There are a number of bioinformatic software packages that need to be installed in order to run the pipeline:
- Python 3 and Snakemake for running the pipeline
- SRAtools for downloading raw FASTQ files
- Salmon for estimating expression levels
- STAR for aligning the reads
- SAMtools for working with the resulting alignment files
- PICARD for marking duplicate reads
- GATK for performing variant calling
- snpEFF for annotating the resulting variants
You must have all of these installed if you are to run the pipeline (if you are
using a computer cluster they might already be installed, if you're lucky).

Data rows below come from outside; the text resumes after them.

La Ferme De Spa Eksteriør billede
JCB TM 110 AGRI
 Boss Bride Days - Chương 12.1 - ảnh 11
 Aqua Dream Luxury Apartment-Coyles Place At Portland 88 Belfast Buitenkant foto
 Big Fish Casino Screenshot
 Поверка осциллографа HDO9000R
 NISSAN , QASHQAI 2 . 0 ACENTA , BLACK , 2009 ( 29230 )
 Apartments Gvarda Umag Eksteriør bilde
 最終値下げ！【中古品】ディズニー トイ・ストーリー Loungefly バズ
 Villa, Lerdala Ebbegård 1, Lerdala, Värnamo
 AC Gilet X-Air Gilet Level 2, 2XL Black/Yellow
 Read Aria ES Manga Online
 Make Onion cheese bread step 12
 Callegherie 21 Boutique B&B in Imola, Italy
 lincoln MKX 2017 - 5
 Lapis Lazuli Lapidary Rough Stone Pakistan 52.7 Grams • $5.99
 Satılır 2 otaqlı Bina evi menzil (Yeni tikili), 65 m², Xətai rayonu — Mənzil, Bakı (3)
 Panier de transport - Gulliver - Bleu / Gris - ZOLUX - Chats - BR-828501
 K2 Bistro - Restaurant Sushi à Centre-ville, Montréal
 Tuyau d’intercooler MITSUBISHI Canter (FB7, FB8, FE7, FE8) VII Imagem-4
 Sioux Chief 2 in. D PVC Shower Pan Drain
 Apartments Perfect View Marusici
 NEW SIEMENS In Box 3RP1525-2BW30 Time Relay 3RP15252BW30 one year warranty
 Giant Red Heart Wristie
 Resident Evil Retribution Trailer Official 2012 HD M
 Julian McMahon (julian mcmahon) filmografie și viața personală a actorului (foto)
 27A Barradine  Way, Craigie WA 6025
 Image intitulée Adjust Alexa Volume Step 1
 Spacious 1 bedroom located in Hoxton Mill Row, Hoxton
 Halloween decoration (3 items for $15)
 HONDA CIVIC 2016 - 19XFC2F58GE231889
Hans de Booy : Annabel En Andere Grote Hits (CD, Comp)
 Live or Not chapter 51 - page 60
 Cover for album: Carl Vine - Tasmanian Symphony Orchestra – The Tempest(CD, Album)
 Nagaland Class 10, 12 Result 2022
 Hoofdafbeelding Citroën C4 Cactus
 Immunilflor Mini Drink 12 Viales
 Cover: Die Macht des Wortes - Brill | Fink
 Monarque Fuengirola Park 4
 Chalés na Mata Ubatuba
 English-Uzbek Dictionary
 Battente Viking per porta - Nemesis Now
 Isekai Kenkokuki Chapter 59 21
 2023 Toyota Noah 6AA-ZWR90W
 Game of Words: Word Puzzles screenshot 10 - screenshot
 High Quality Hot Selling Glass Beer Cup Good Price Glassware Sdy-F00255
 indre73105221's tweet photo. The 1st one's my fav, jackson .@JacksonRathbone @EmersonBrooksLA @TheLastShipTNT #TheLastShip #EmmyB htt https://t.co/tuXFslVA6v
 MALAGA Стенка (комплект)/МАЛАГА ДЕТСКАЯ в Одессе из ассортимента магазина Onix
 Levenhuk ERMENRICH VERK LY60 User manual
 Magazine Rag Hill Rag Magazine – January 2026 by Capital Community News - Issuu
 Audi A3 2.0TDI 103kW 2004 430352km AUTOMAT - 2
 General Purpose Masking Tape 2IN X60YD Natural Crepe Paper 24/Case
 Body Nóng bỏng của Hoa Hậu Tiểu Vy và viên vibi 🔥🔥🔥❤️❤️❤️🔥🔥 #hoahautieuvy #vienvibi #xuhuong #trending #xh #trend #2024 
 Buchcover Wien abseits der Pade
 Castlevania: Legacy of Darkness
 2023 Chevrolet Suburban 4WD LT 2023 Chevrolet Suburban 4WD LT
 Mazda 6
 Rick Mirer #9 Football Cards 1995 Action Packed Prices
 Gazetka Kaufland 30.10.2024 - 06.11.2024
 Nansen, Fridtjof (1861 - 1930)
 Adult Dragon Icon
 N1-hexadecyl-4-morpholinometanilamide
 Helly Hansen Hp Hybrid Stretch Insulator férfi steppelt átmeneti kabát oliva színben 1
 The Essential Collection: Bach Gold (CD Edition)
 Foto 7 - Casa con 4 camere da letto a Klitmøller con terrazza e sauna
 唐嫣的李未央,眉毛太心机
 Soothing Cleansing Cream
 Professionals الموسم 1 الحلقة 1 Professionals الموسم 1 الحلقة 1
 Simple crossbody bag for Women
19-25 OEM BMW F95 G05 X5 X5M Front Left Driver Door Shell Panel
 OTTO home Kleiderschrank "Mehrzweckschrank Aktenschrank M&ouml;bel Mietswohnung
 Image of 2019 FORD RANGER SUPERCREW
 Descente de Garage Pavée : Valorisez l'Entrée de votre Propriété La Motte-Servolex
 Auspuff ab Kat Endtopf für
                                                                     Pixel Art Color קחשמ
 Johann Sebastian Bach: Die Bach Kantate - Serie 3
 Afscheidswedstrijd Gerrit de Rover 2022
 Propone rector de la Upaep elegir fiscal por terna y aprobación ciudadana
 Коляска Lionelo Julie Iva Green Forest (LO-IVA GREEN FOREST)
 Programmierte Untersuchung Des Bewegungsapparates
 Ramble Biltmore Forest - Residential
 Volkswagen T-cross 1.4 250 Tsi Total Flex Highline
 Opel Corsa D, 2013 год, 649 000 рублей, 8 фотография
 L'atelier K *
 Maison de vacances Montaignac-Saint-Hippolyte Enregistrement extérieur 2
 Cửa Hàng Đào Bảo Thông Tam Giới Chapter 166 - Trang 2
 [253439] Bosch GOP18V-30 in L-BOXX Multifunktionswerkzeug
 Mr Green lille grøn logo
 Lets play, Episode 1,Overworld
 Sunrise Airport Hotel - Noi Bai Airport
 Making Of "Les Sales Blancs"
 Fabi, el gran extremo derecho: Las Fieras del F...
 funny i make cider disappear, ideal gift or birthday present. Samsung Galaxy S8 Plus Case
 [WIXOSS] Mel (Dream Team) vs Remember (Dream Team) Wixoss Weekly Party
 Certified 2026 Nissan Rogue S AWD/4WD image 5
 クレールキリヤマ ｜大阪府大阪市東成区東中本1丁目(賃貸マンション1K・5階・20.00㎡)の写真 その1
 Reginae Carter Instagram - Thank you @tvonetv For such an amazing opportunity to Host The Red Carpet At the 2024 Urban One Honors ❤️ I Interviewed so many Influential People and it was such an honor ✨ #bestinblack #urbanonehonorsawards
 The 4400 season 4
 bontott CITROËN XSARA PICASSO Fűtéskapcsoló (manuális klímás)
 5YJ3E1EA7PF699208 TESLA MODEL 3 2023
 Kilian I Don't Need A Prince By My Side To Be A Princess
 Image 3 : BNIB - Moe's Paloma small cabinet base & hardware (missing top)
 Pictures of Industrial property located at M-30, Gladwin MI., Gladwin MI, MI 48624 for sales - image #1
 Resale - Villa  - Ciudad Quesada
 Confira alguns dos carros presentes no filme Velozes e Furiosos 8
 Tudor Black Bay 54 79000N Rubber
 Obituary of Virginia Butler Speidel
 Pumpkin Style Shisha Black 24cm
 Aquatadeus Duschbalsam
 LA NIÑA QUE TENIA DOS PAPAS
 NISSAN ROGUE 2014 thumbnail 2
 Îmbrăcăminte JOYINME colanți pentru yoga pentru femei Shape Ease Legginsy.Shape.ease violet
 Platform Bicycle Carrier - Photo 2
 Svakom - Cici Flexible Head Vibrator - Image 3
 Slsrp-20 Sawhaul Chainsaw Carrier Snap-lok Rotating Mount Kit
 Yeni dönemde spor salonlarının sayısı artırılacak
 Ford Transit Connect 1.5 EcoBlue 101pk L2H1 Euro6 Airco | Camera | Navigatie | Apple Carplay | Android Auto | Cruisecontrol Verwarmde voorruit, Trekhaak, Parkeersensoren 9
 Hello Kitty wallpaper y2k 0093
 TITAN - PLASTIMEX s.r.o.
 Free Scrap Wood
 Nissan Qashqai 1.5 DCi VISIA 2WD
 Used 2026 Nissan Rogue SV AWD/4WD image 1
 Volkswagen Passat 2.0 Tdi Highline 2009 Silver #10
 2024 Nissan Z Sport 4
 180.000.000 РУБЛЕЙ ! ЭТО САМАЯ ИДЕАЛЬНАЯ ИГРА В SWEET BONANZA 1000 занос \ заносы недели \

After you have made sure they are all installed, you can clone
this
repository to get all the relevant files:
git clone https://github.com/fasterius/RNA-VC
You also need to provide RNA-VC with the metadata describing the GEO samples you want to analyse. This means that you need to provide, at the very least, SRR IDs, their corresponding GSE IDs, and their read layouts (listing them either as "SINGLE" or "PAIRED", respectively). You may optionally add a column for sample groups, which will be merged at the variant calling stage. This is useful for when you have sample replicates that you want to treat as a group, which is common for variant calling procedures. Such a metadata file might look something like this:
GSE | SRR | Layout | Group |
---|---|---|---|
GSE81194 | SRR3479755 | PAIRED | Sample_1 |
GSE81194 | SRR3479758 | PAIRED | Sample_2 |
GSE81194 | SRR3479759 | PAIRED | Sample_2 |
The config.yaml
file provided can then be edited according to the structure
of your metadata file, in addition to the locations of the references, indexes
software paths required. I have provided an example of what this config file
may look like, but you need to edit the paths to correspond to your directory
structure before you can use it. You finally run the pipeline using
snakemake
:
snakemake --config LAYOUT=PAIRED
If you have mixed read layouts you have to run the pipeline twice: once for
each read layout. Alternatively, if you are running the pipeline on a cluster
(RNA-VC currently only supports SLURM
) you can use the submit_snakemake.sh
wrapper, which will automatically loop through both read layouts:
bash submit_snakemake.sh
If you do run it on a cluster, I have also provided an example of a
cluster.yaml
configuration file, which you will also need to edit. I have
provided the example for the SLURM system, as that is what I am using; if you
want to use some other cluster configuration, please see the
Snakemake website for more information on how to do it.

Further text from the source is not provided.